Sebagai seorang pekerja seni yang sudah banyak menyumbangkan karya-karyanya, Titiek tetap merasa masih ada yang kurang. Ia ingin melakukan sesuatu yang berharga untuk bangsa dan negara. Satu dari banyak cita-cita Titiek, yakni mendorong pemerintah membangun sebuah museum khusus Seni dan Budaya di Indonesia.
"Dari dulu saya ingin pemerintah membangun sebuah museum khusus untuk bidang seni dan budaya. Lewat museum itulah, masyarakat bisa mempelajari perkembangan budaya sejak zaman dulu hingga sekarang," urai Titiek kepada SP belum lama ini.

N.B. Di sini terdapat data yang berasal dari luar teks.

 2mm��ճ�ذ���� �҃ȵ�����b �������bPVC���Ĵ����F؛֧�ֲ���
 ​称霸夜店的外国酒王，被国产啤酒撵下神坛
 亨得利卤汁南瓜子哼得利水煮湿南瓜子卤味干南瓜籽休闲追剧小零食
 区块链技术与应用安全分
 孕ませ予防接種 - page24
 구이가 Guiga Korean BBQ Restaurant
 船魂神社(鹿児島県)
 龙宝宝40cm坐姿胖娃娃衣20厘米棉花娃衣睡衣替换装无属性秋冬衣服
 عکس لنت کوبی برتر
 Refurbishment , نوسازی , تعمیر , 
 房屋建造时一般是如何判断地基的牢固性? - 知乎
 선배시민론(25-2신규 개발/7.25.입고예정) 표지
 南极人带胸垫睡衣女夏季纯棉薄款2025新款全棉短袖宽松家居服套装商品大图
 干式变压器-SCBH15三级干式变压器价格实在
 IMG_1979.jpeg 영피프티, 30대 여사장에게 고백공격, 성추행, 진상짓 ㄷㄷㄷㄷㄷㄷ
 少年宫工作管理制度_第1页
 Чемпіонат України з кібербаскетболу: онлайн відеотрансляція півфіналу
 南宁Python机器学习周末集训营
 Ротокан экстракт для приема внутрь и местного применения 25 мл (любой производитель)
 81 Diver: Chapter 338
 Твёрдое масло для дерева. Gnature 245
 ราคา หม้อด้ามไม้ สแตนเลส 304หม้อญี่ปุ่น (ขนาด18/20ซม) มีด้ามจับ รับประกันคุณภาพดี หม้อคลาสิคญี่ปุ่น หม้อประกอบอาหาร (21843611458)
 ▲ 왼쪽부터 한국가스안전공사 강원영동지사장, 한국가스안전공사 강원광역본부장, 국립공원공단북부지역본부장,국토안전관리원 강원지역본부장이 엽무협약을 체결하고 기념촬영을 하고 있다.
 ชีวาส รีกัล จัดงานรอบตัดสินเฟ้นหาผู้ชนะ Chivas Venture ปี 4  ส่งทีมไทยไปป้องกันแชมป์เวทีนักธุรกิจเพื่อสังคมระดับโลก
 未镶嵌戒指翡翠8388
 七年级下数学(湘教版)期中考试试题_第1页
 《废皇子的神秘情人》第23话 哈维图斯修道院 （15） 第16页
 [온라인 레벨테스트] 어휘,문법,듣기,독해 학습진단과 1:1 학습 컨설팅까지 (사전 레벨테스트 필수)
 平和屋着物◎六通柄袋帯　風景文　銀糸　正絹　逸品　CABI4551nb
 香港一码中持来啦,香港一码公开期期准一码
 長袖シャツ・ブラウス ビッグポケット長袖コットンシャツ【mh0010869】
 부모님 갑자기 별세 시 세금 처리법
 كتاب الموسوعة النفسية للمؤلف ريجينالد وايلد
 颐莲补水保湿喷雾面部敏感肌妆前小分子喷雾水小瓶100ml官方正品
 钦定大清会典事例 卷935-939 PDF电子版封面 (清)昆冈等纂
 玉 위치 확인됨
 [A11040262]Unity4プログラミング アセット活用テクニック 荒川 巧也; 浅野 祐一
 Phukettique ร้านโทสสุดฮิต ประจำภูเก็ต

Masyarakat Indonesia, yang katanya negara seni dan budaya, menurut Titiek belum mampu menghargai hasil karya para senimannya. Baik itu seni tari, seni musik, seni lukis, maupun jenis seni lainnya. Ambil contoh dari genre seni musik. Anak-anak muda sekarang belum tentu mengenal siapa saja musisi senior yang layak menjadi panutan. Bahkan, ketika ditanya siapa penyanyi panutan mereka, spontan sederet nama musisi internasional terlontar dari mulut. Sementara nama musisi lokal, seolah terlupa.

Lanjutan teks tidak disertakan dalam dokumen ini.